The robust_ab_test function correctly identifies moderate skewness (control CV = 2.13) and automatically selects the bootstrap method. This example demonstrates a crucial difference: the t-test incorrectly claims significance with CI = [$0.01, $0.83], while both robust methods (bootstrap and concentration) correctly identify that the difference is not statistically significant. This is exactly the type of false positive that can lead to misguided business decisions when relying solely on t-tests with skewed data.

Key Takeaways

T-tests Are Brittle. The assumptions of the t-test (like normally distributed data) are often violated by real-world business metrics like revenue, which are typically skewed and filled with outliers.
This Fragility Leads to Costly Errors. A “significant” p-value from a t-test can be a statistical mirage. As the article’s final example shows, random outliers can easily trick a t-test into declaring a false positive, which can lead to misguided business decisions.
Robust Methods Provide a More Honest Picture. Techniques like the bootstrap don’t assume your data is clean. They are designed to correctly identify the massive uncertainty caused by outliers, providing a crucial safeguard against being misled.
Your Choice of Statistical Tool Is a Business Decision. The difference between a t-test and a bootstrap on the same messy dataset can be the difference between a confident but wrong product launch and a correctly cautious one.

References

Boucheron, S., Lugosi, G., & Massart, P. (2013).
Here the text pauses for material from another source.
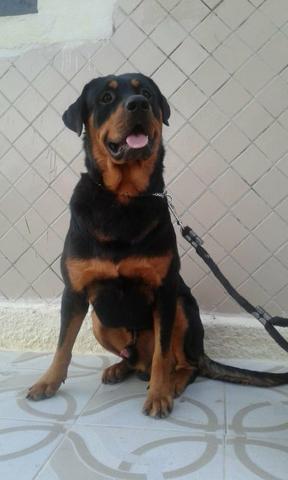 Rottweiler disponível para cruzar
Concentration Inequalities: A Nonasymptotic Theory of Independence. Oxford University Press.
DiCiccio, T. J., & Efron, B. (1996). Bootstrap Confidence Intervals. Statistical Science, 11(3), 189-228.
Efron, B. (1979). Bootstrap Methods: Another Look at the Jackknife. The Annals of Statistics, 7(1), 1-26.
Efron, B., & Tibshirani, R. J. (1994). An Introduction to the Bootstrap. Chapman & Hall/CRC.